Ol' Yeller and the Phoenix

I wrote on Facebook all but the "AB" line, below:


My son yelled to me across the house- I couldn't hear him. So I connected my bluetooth headset and called him. But I couldn't hear him. Guessing it was my headset, I disconnected and tried to connect again. My phone put up a message "Hit any key on the keyboard to connect" but it displayed no keyboard??? I dis- & re-connected a couple of times. Finally I switched to another headset. This time it worked. He said it was probably his phone.
This insistence on simplicity seems bad. It'd be nice if most apps had a "debug" button. For the phone, it'd show which microphone and speaker it was using and the sound levels for each, so if one's not hearing or being heard, it'd be clear where the problem was- receiving or hearing, transmitting or being heard...
The "Hit any key on the keyboard" message was just bizarre...
AB: I'm in the Camp that said yeller needs to walk across the house to speak in a normal tone. Forget electricity and connectivity.
You seem to be in the camp of commonly accepted social norms, in this case, interpreting his actions as meaning something about consideration and respect. Ol' yeller has his own gestalt suited to his own non-neurotypical make-up. I find that adapting and communicating work better than attaching myself to a position and making him wrong.
The result is workability and relationship, but at a cost. My highly judgmental ego doesn't get to be right. But it compensates by unnecessarily insisting its adaptation is now right...
(At times, I think my ego is really a phoenix, frequently dying but then rising from the ashes...)

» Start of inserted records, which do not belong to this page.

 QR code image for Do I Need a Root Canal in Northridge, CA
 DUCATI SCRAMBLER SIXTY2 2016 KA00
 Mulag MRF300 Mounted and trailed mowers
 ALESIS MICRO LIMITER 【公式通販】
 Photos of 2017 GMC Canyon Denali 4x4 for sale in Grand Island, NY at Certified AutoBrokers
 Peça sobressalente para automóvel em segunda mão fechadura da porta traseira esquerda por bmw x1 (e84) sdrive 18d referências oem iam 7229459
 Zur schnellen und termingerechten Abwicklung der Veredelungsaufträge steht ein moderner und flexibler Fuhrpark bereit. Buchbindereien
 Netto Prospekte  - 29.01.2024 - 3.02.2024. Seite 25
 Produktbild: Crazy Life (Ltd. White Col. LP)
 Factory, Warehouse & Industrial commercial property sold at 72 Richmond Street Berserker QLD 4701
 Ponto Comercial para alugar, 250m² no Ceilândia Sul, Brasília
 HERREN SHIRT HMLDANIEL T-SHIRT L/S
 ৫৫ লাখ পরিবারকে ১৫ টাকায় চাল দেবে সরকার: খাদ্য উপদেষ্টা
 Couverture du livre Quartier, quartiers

I think I've had this realization, correcting my ego only to have it come right back, on average about once a day for the last 40 years...

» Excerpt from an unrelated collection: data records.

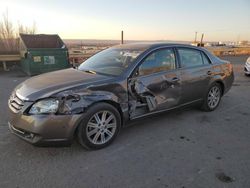 Salvage cars for sale at Albuquerque, NM auction: 2007 Toyota Avalon XL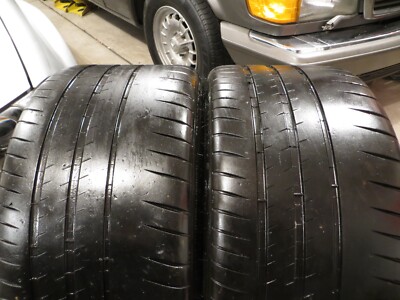 2 TWO MICHELIN PILOT SPORT CUP 2 MO1 MERCEDES 315/30ZR21 105Y XL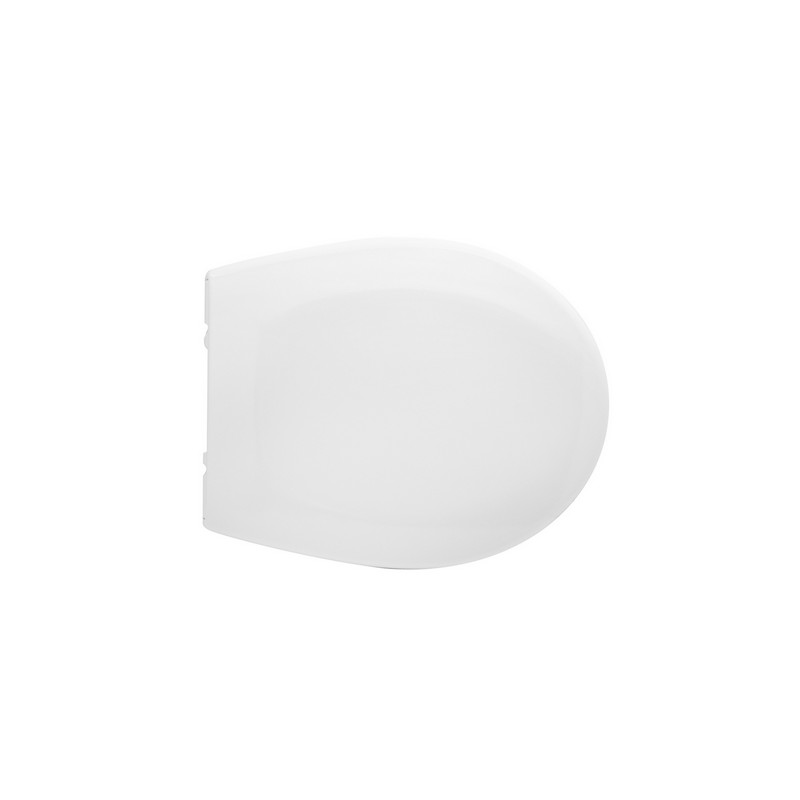 Acquista Sedile wc termoindurente mod. td3 forma 1 Bianco Soft CloseDH con riferimento DF. 111-23DFTEB03-S a partire da 44,44 €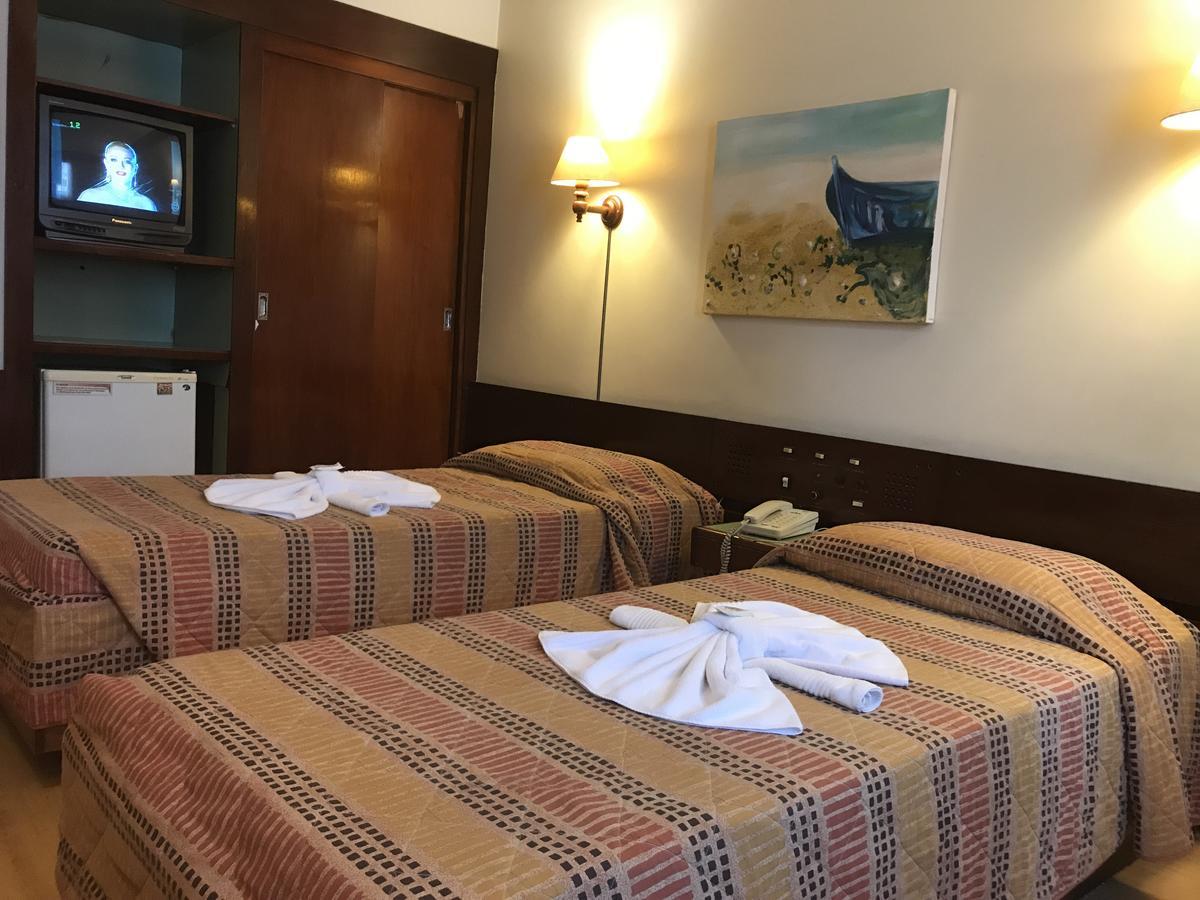 Centro Sul Hotell Florianópolis Eksteriør bilde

I felt a bit guilty about answering her perfectly normal reply with such a long missive. I almost, but didn't, apologize and offer the following story:

When my son was little, he'd often ask question after question about how something worked- for hours. I grew tired of the challenge of answering questions piecemeal, plus the constant interruptions. I tried asking him what model he had in his brain that was prompting them, but he was too little...

So I began answering questions at length. If he asked, for instance why two electrons repel each other, I'd tell him all about electrons and their properties and how they acted, plus protons and neutrons, plus how the charge then created electric current, and about capacitance and the difference between AC and DC.

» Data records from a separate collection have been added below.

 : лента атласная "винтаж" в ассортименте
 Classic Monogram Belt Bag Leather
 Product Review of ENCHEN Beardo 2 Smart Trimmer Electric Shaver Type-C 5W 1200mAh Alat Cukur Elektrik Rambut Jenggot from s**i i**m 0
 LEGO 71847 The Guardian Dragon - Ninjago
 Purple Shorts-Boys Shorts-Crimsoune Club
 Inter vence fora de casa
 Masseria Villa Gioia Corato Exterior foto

Instead of answering just the question, I tried to answer it in a larger context and then describe the context as a system with rich components and behaviors.

Typically, he'd listen closely for a few minutes. Then his brain would fill up and he'd go away.

My wife disapproved. She said one shouldn't do more that give a simple answer, so the child could work things out for himself.

My mother, on the other hand, was horrified. She thought the complexity was actually harming him.


I wasn't prone, I believe, to this sort of behavior, perhaps now called "mansplaining", earlier in my life.

But now I enjoy it, writing my thoughts. 'Yet another manifestation of ego.